Heidi: My family and I (myself, my spouse, and our six year old) make our home in the St. Croix River Valley, just to the west of the border between Minnesota and Wisconsin in the United States. It’s a landscape full of lakes, rivers, bluffs, ancient glacial potholes, small towns, organic farms, and plenty of winding trails to explore all of it. We live in a little red house perched on the edge of a ravine on the shores of a tiny lake, with a large field just up the hill from the house that provides space for a large vegetable garden, several types of berry bushes, and an apple tree. It’s all imperfect and takes a lot of work to maintain, but I love it here.
Iris: How would you describe the lifestyle that you are living?

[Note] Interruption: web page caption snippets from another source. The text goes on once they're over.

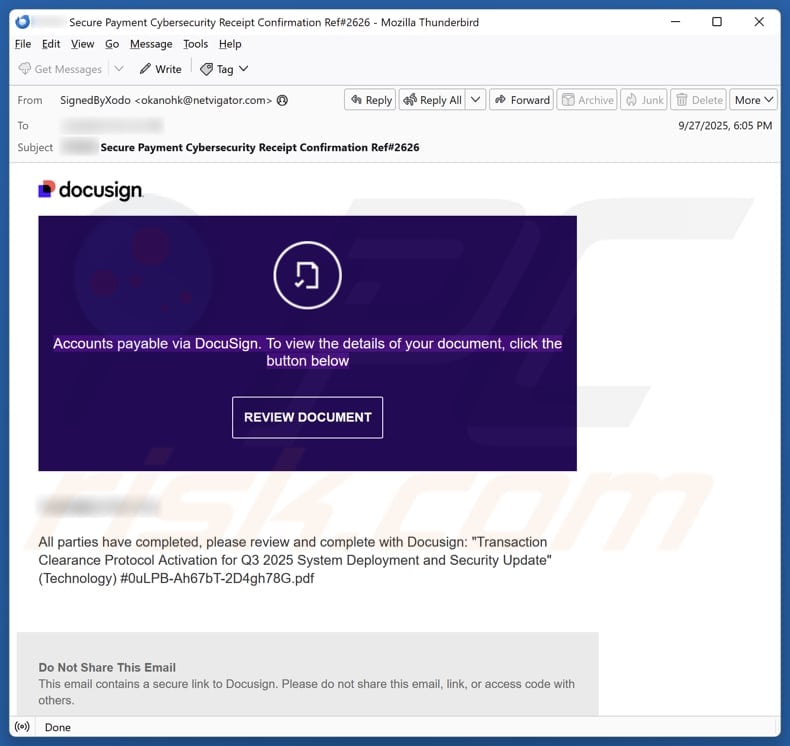 Campagna di spam con e-mail di avviso di errore dell'account e-mail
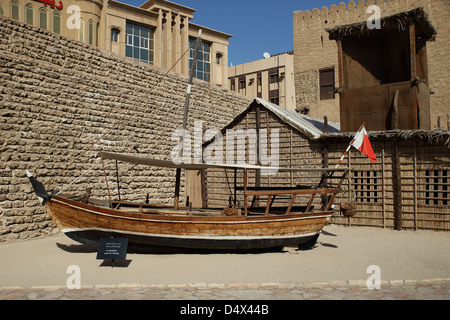 Traditional Arabic Dhow at Museum in Dubai Stock Photo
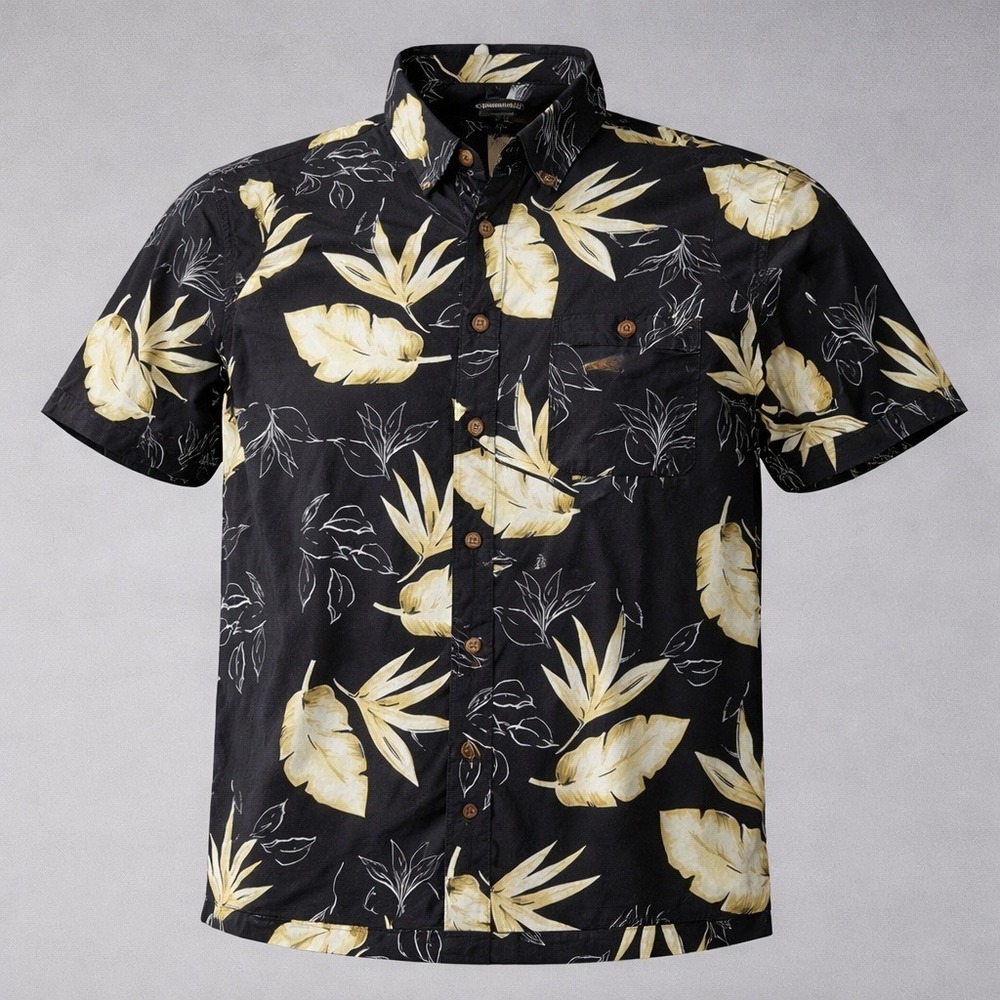 Knightsbridge Tropical Shirt Mens Large Black Yellow Floral Rayon Button Front‎
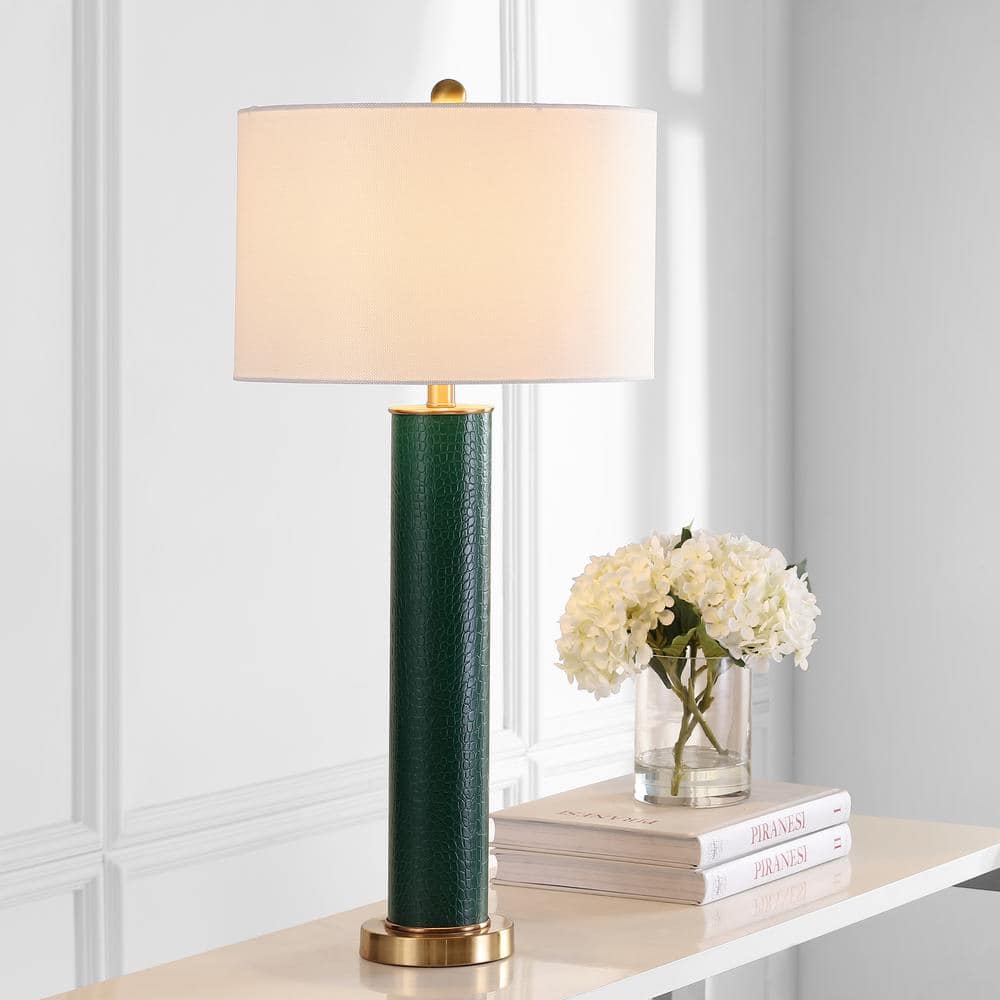 Ollie Green Faux Alligator Table Lamp Set with White Shades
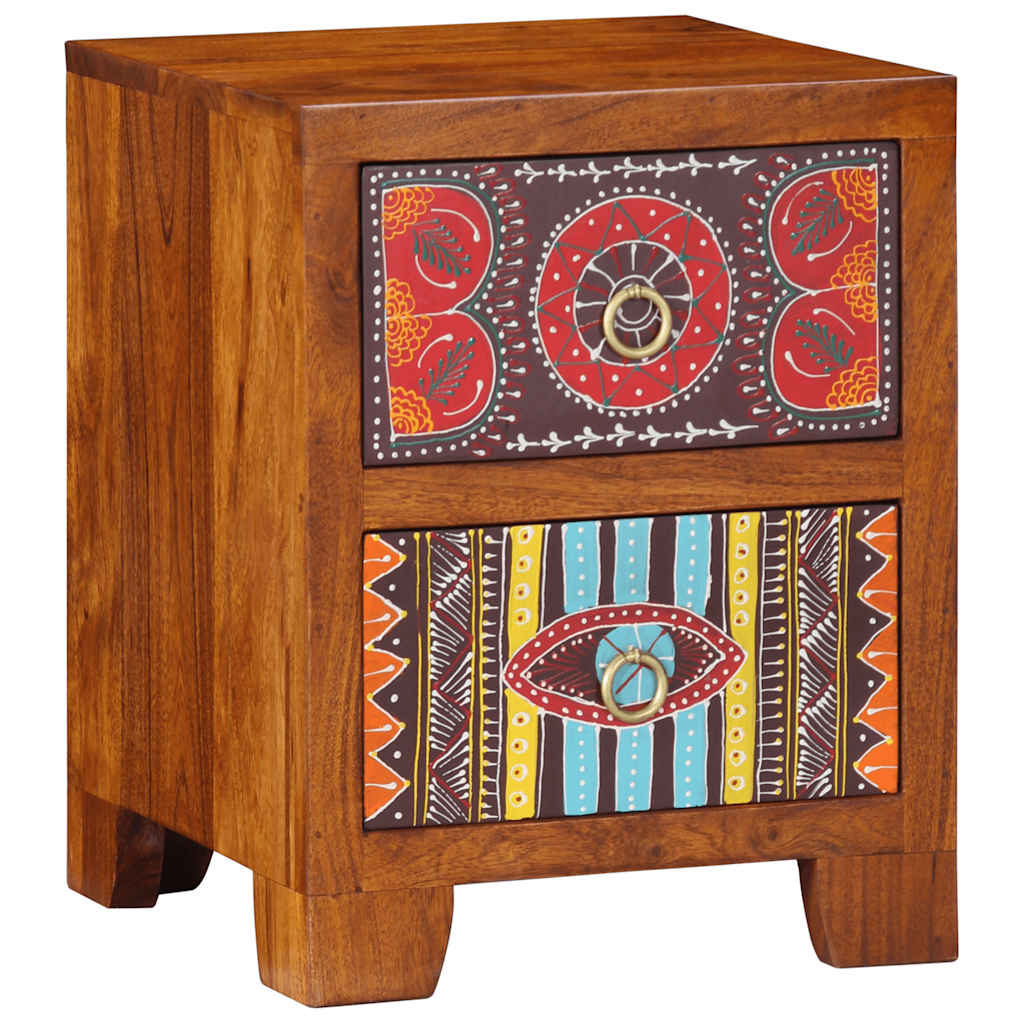 Solid Acacia Wood Bedside Cabinet 35x35x45 cm - Stylish & Durable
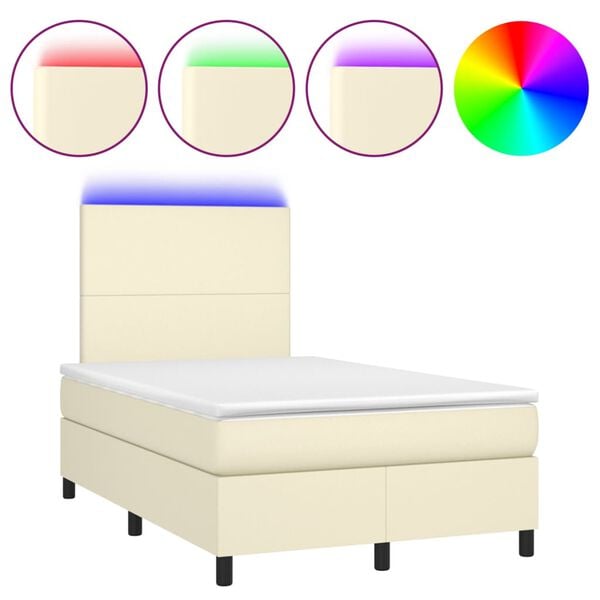 vidaXL Box spring postel s matrac&iacute; a LED kr&eacute;mov&aacute; 120x200 cm uměl&aacute; kůže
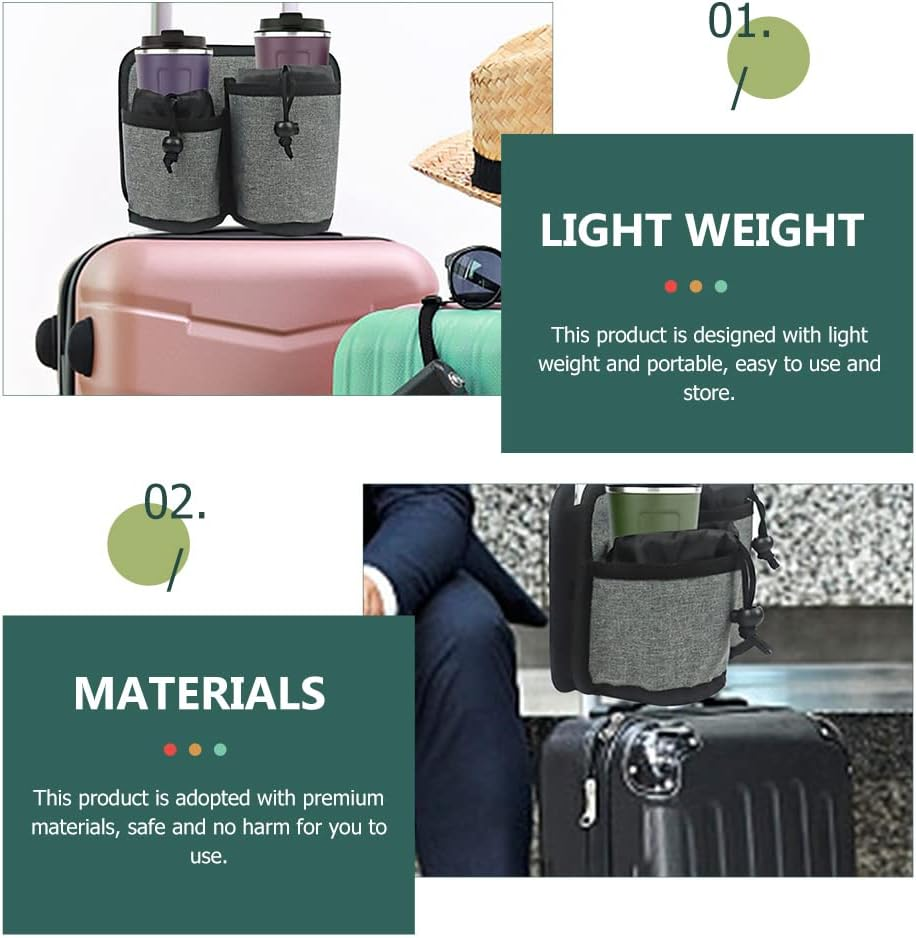 LUOZZY Luggage Cup Pouch Durable Travel Cup Holder Flight Attendant Accessories Free Your Hand for Suitcase Handles - Grey image number 5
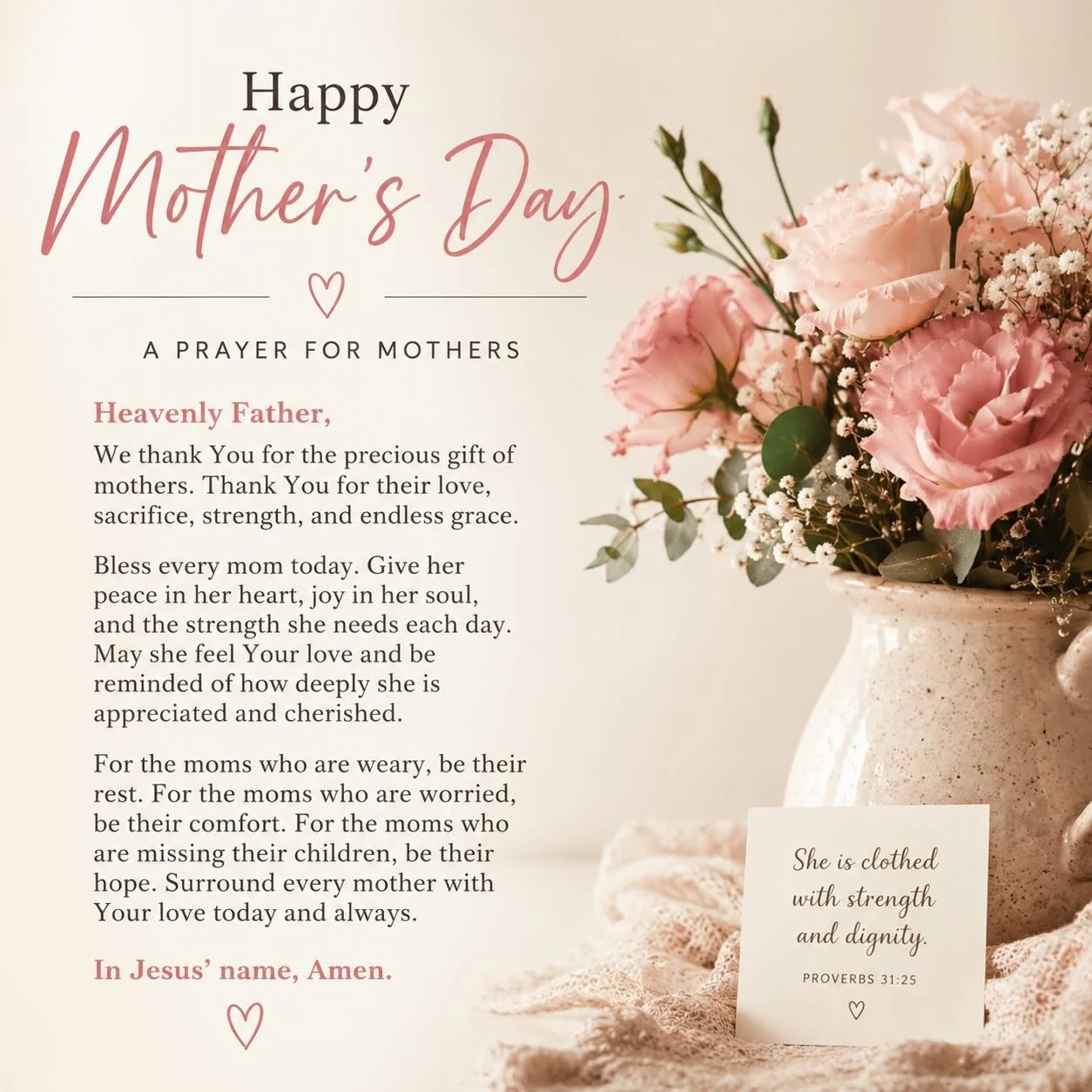 Happy Mother&rsquo;s Day to every incredible mom 🤍🌸

Today we celebrate the women whose love reflects grace, strength, sacrifice, and endless compassion. May God bless every mother with peace, joy, renewed strength, and the reminder that she is dee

Heidi: I would say the lifestyle I am living is one that is punctuated by the ‘in between’ – we grow much of our own food, and my father and two of my brothers are organic vegetable farmers, but we remain dependent on grocery stores, our neighbors, and regular paychecks to meet all of our needs. We use a wood stove in the winter and harvest downed wood from our land for fuel, yet with an old house that wasn’t built with a wood stove in mind, we still need to heat with fuel oil when it gets really cold, at least until we have the means to outfit our home with different technology and significantly better insulation. Sometimes it feels like life remains a paradox. I’d love to say my lifestyle is all yoga, meditation, foraging for wild edibles and raising my child, but there’s plenty more that goes on around here and I maintain a full time coaching job with a tech start-up. I spend a lot of time gardening, hauling wood, walking in the woods, practicing yoga, writing, and caring for people, certainly, but work still takes up more time than I’d find ideal. We keep one television in the basement, though I haven’t turned it on more than a handful of times in the last several years. My spouse and I both rely on the internet and computer technology for our day jobs, but we do our best to not let devices take up too much space in life. (This is, of course, easier said than done.) As with all humans, my lifestyle is one of constant evolution, trial and error, beauty, destruction, and breathing into the spaces that exist in between where I am and where I want to be. If I’ve learned anything from life so far, it is that there is no arriving – there is only the journey and being fully present for it.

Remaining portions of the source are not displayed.